Of course, with so many tools in the toolbox, the trick is knowing when to use each one. The manual wisely does not prescribe universally applicable rules in advance. "Successful conduct of counterinsurgency operations," it declares in language at once obvious and surprising (for a military manual), "depends on thoroughly understanding the society and culture within which they are being conducted."

American forces are urged to gain cultural understanding, language skills, and knowledge of the formal political system and of informal sources of political power.
American forces are urged to gain cultural understanding, language skills, and knowledge of the formal political system and of informal sources of political power. So important are these skills that "culture" has been given its own chapter; cultural issues were previously embedded into the chapter on intelligence operations. While perhaps obvious to anthropologists, the manual also reminds soldiers and Marines that culture influences how people interpret events and actions. Thus, "[i]f Soldiers and Marines assume that the local population will perceive actions the way that they do, they are likely to misjudge their reactions." Instead, soldiers and Marines should look "at the problem from the population's perspective."

This isn't a Sherlockian insight, to be sure -- and those who served in Iraq and Afghanistan have likely learned from experience -- but how often have American policymakers taken it seriously?

Not only must counterinsurgents embrace the various tools for countering insurgencies and understand the cultural context of their environments, but they must adapt over time. With a new chapter on "assessments," the manual elevates the Army and Marine Corps' commitment to data collection, continuous learning, and adaptation. The manual emphasizes the importance of qualitative and quantitative data on the efficacy of operations, it urges commanders to constantly question their underlying assumptions, and it notes the difference between measuring performance (one's activities) and effectiveness (the outcomes of those activities). The chapter isn't quite "moneyball for the military," but the focus on data collection and analytics would certainly make Billy Beane smile.

To be sure, careful readers of the 2006 Counterinsurgency Field Manualwould have understood many of these lessons already. That edition did reference continuous learning, cultural awareness, and a variety of tools, and its underlying philosophy was pluralistic and pragmatic. Indeed, one of its most famous aphorisms was that "if a tactic works this week, it might not work next week; if it works in this province, it might not work in the next." But in the public imagination and in the policy conversation, these lessons were too often submerged in the context of operations in Iraq and Afghanistan. "Counterinsurgency" came to mean a specific form of nation-building: win-the-population operations that did not necessarily differ from village to village, that didn't take full account of the context. Critics even argued that "counterinsurgency" had become an "intellectual straitjacket" that was preventing policymakers and military leaders from considering all the available options.

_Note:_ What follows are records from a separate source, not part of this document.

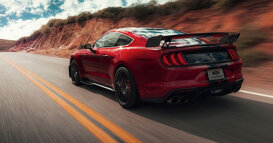 Ford Mustang Shelby GT500 2020 - Cán một phần tư dặm trong 10.7 giây
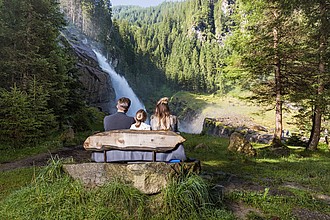 Familie genießt Ausblick auf die Krimmler Wasserfälle
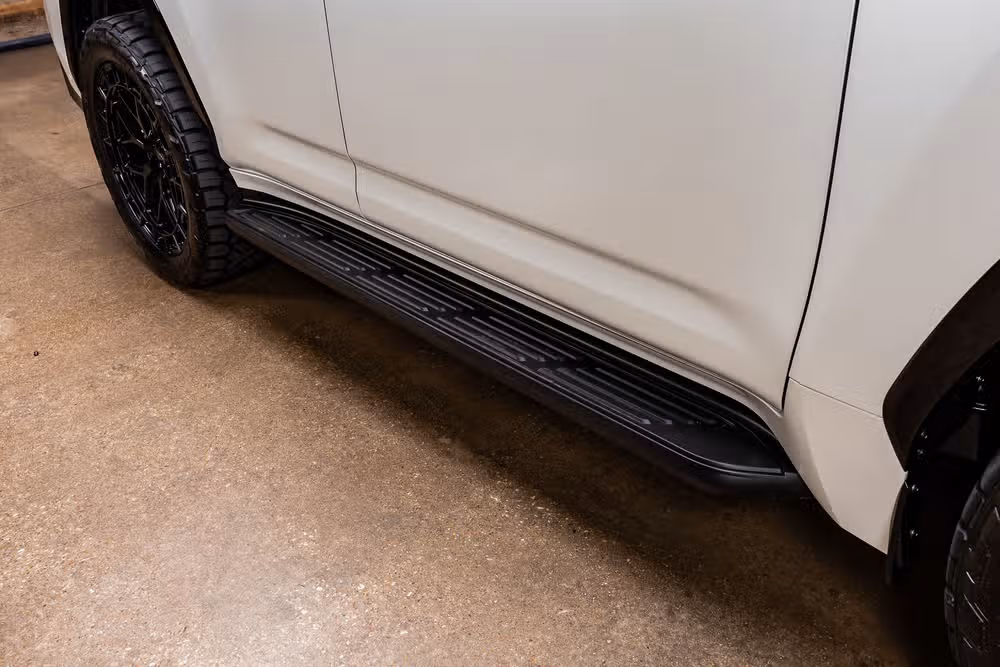 2025 Lexus LX 700h Overtrail Image 12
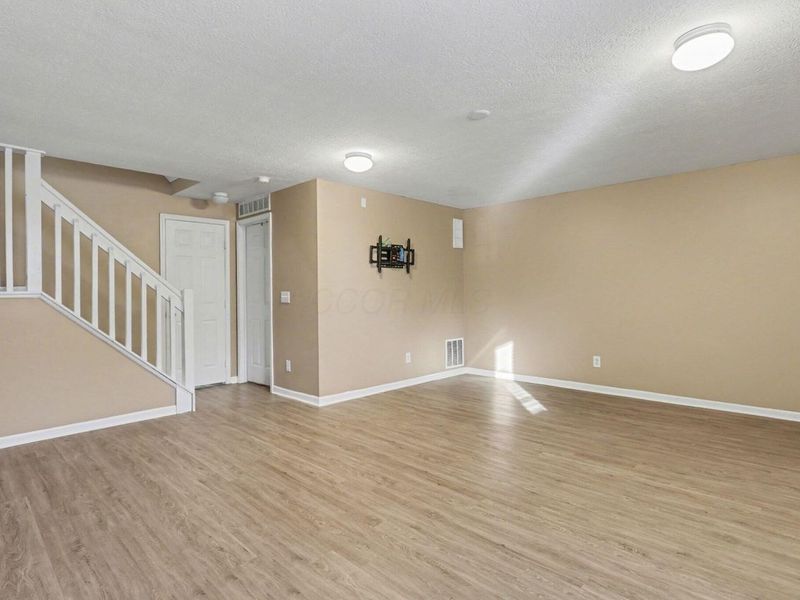 7048 Monarchos Drive, Unit 16, New Albany, OH 43054 Photo 21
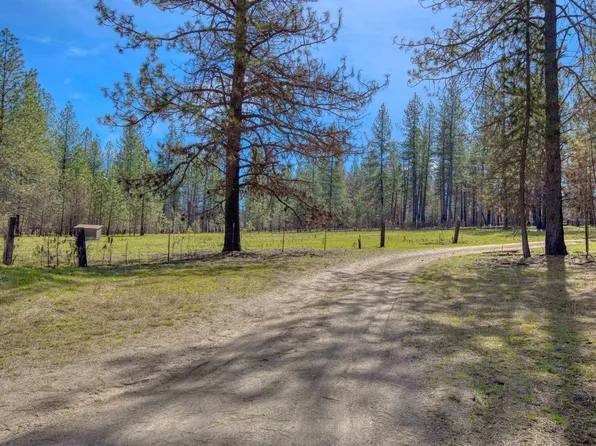 13418 E Bridges Rd, Elk, WA 99009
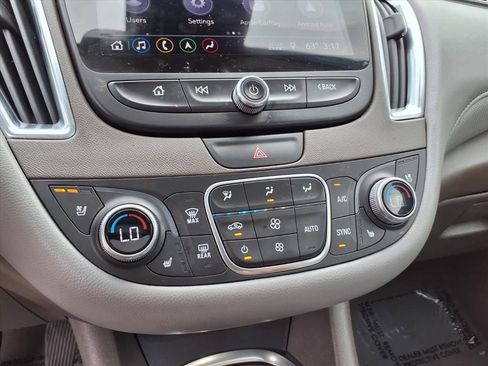 Used 2019 Chevrolet Malibu Premier w/ Sun and Wheel Package image 18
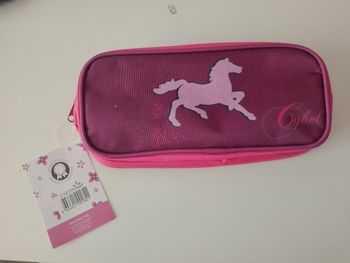 Trousse scolaire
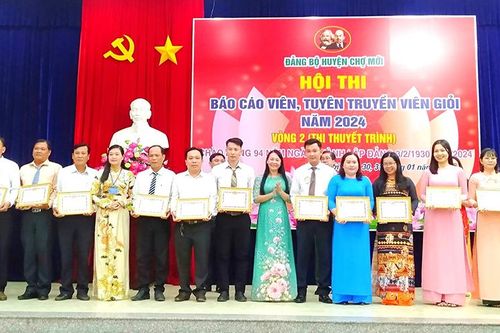 Chợ Mới thi báo cáo viên, tuyên truyền viên giỏi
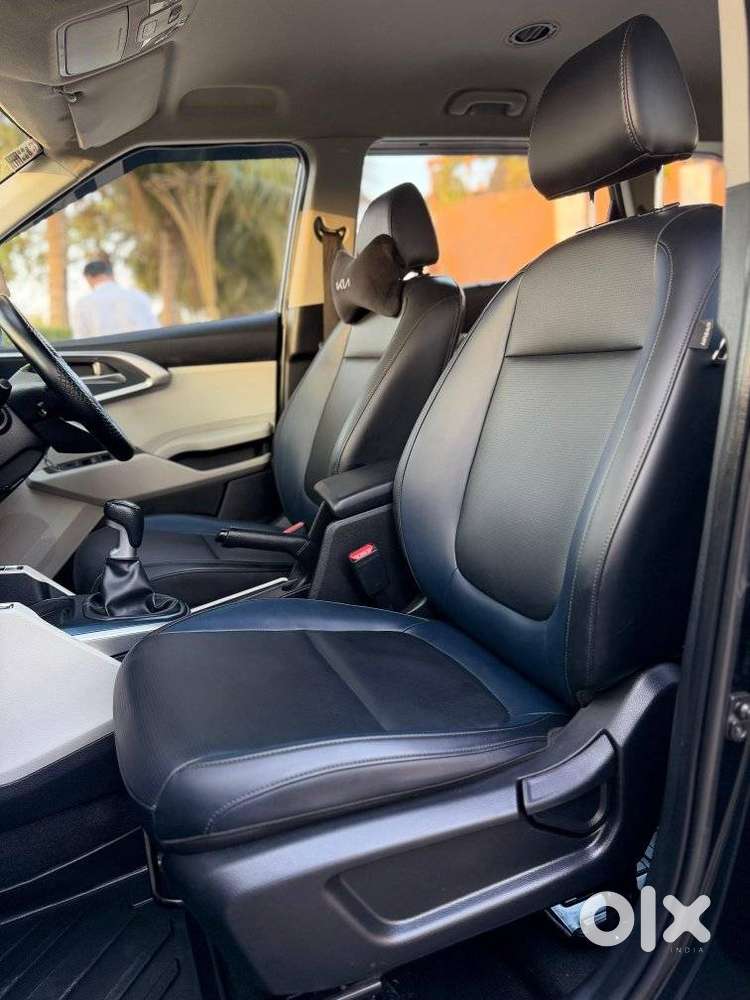 Kia Carens G 1.5 6mt Premium (o) 7-seater, 2024, Diesel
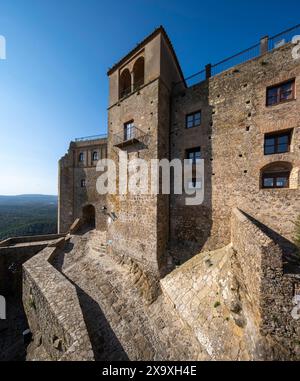 Burgmauern bei Castella Del Frontera. Stockfoto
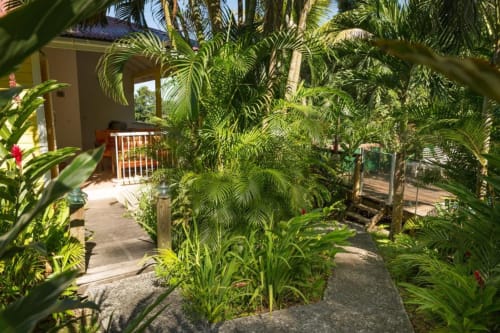 L'accès vers le logement VertMadras, avec la piscine sécurisée juste à côté pour un séjour  reposant aux Jardins de l'espérance à Bouillante en Guadeloupe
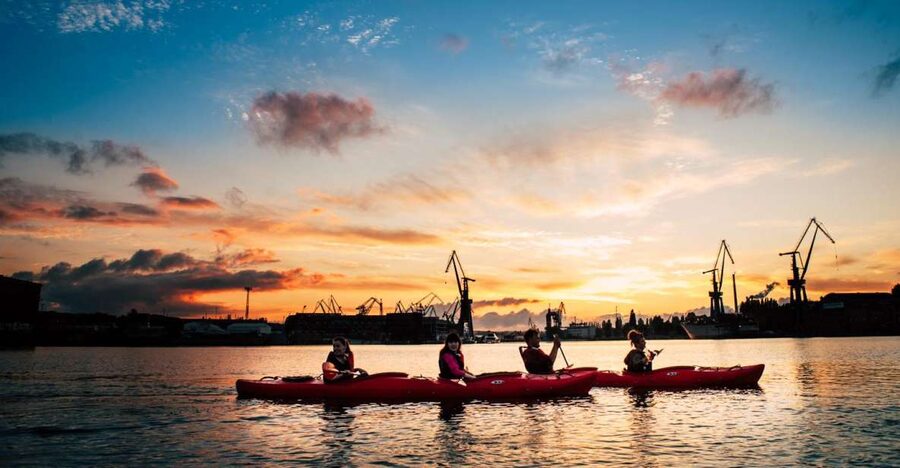Gdansk: Sunset Kayak Tour - Key points to know before you book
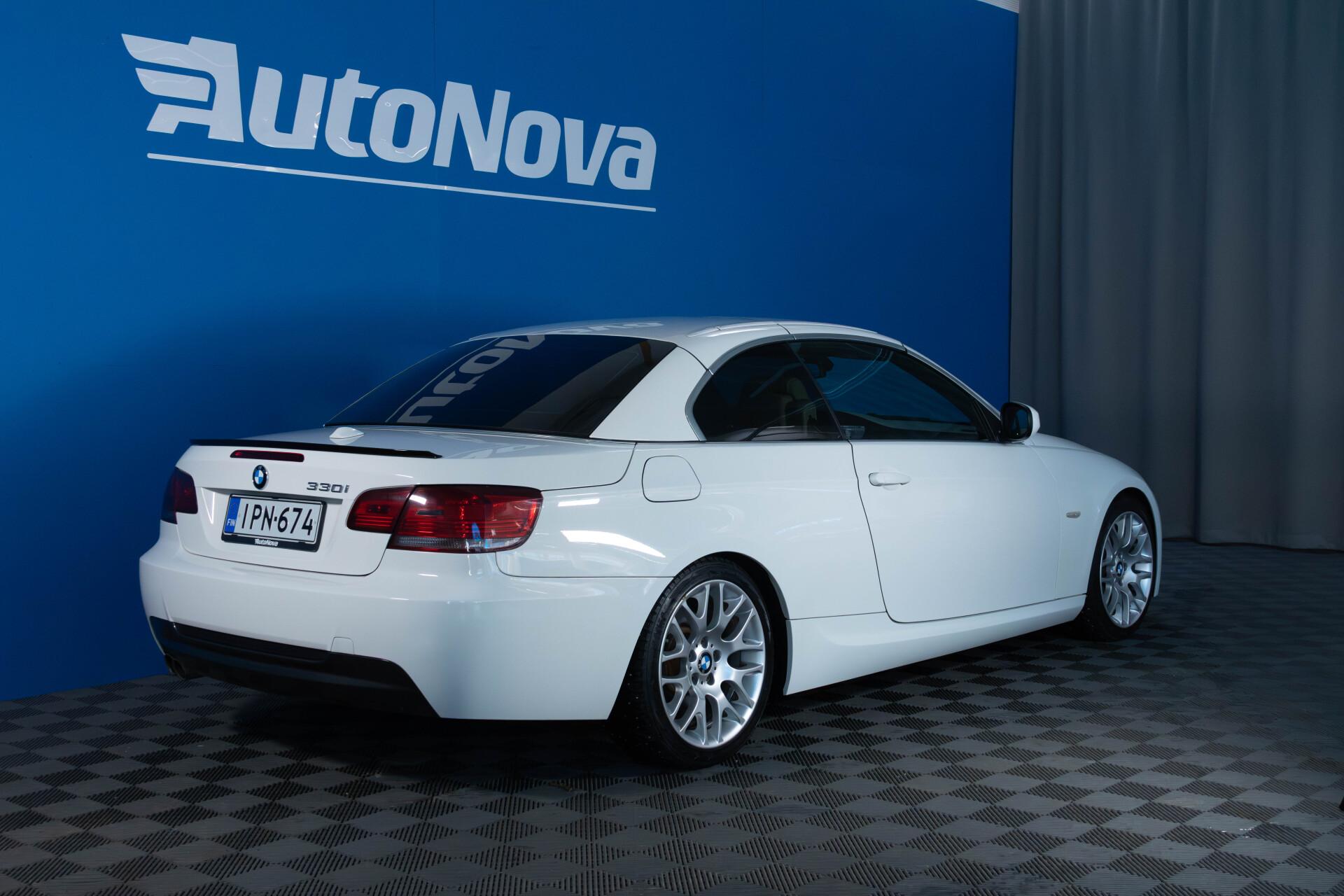BMW 328 3,0 i E93 Cabrio / Xenon / Sportti nahat / Professional Navi - Autonova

The new manual takes the critique seriously and makes points once understated more explicit. It notes that "counterinsurgency is not a substitute for strategy." Rather, "[t]he strategy to counter an insurgency is determined by the ends the U.S. wishes to achieve, the ways it wishes to achieve those ends, and the resources or means it uses to enable those ways."

There is a saying attributed to the Greek poet Archilochus, "The fox knows many things, but the hedgehog knows one big thing." The drafters of the new manual have embraced the fox. And this is perhaps the most important lesson of the new manual. The hedgehog's mindset is indifferent to context, misses the diversity of tools we have at our disposal, and is insensitive to evidence of (in)effectiveness. When countering insurgencies or making foreign policy more generally, a smart strategy requires foxes.